# my first betta-need questions answered



## ElChef194 (Dec 25, 2011)

i have read several posts on the tank mates, but i have not had my questions answered in my searches. 

i will begin turning my 20 gal into a betta tank. what plants does everyone recommend? does sand really negatively effect a betta? will my cory's surface darting impede on the betta's sense of territory?

i do plan on keeping it very lightly planted and decorated. but any and all recommendations would be very helpful as this will be my first betta. 

my current plan is 2 small artificial driftwood plus one medium zebra rock in addition to two mid-ground plants- anubias congensis or anubias hastifolia-and 2 foreground plants -microsword or anubias nana. i had originally wanted bamboo, but it will be incompatible with my current light/hood setup. i will be running a T8 full spectrum bulb.
*c/p*


----------



## majerah1 (Oct 29, 2010)

To be honest,any plant would work as long as its true aquatic.Many keep their bettas in lower light which seems like yours will be with a T8 bulb so as long as you get lowlight plants you will be just fine.Plant it as heavy or as light as you like,the betta would be happy with either.I myself like to plant heavily,but thats just me.

Cories will be fine with him/her.The betta will most likely investigate and unless hes a highly aggressive boy,he shouldnt bother with it once he figures out what it it.

As for sand,Ive sand in almost every tank I own and everyone had bettas lol.Ive never had any issues with them,even when food would fall to the ground.I prefer sand over gravel so when mine breed the eggs do not fall into the gravel and become lost.


----------



## lkfishy (May 13, 2012)

My betta has been in a 35 gallon tank for a long time now and he is the star of the show  His favorite plants are ones that float, so he can lurk in them and not have to go far to get to the surface for a breath of air. He also like the ones that rise all the way to the surface for the same reason. I used to have a house plant growing out of the top of the tank with the roots in the water, and being under the roots was by far his favorite.

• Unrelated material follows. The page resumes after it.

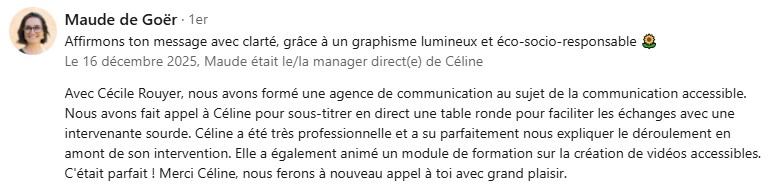 Capture d'écran LinkedIn de l'avis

But my Pleco slowly munched the roots until the plant died... Having like 2 surface plants seems to be what my betta likes, he shoots from one to the other throughout the day and loves my floating java fern.


----------



## ElChef194 (Dec 25, 2011)

ok, got the betta. purple and red halfmoon. he was the liveliest one on the shelf. he's in a 20 gal with 3 corys and a clown pleco. plants are plastic right now b/c i need lighting. plan on planting with one sword species, 2 anubias species, and micro swords. also gonna throw in some amano or cherry shrimp. hopefully i can harvest from plants i own.


----------